I’m afraid my blogger friends won’t like my poem any better than I do. There’s too much said (about sexism, necessary ambiguity, interpretation, and nasty word play) and, at the same time, not much said (about the bible, blind people like Karen Parsegian and those whose eyes were opened, the Greek and the English two-word verb with different meanings in a single passage, and how the author and translator can take advantage of a reader abandoning her own interpretation just because she’s been hurt before and abandoned and wants to numb the pain by throwing out intentions and throwing away money in some endless addictive cycle. What should I add about Nabokov and his 1932 (Russian) and 1933 (English) novel we know as Laughter in the Dark? We notice how Margot is no longer Russian, and we know his “‘Woman’ is another famous poser,” and we take note of what he wants when he says, “I want translation with copious footnotes, footnotes reaching up like skyscrapers to the top of this or that page so as to leave only the gleam of one textual line between commentary and eternity.”



Let me instead just say what Ann Nyland says Matthew says others say:

“If your right eye sets a trap for you, rip it out and throw it away!”

“The demon-gods kept begging him, ‘If you're going to throw us out, please send us into that herd of pigs!’ So he granted it, ‘Off you go!’”

“he said, ‘Get out of the way! The young girl's not dead - she's just asleep!’ They responded by poking fun at him. His response was to throw the crowd outside. Then he went inside and grabbed the young girl by the hand. This news spread all over the land.”

“When Jesus left there, two blind people followed him. They yelled out, ‘Have pity on us, David's descendant!’ . . . . ‘Do you believe that I am able to do this?’ . . . ‘Yes!’ . . . Then he touched their eyes and said, ‘It will happen to you because of your faith!’ And their eyes were opened!”

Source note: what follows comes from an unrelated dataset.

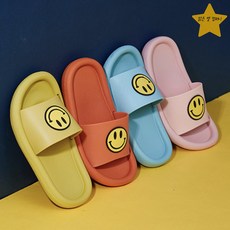 캐리비안베이아쿠아슈즈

“While they were leaving, some people brought a mute who had an evil spirit to Jesus. When the demon was thrown out the mute person spoke plainly. . . . The Pharisees’ opinion was, ‘He’s throwing out demons by the power of the demons’ ruler!’”

“But when he saw the crowds he was deeply moved with compassion, because they were stressed and helpless like sheep without a shepherd. Then he said, . . . ‘On the one hand there’s a big harvest, but on the other hand there are not enough workers. So then put a request to the Harvest Master so that he will throw workers into his harvest!’”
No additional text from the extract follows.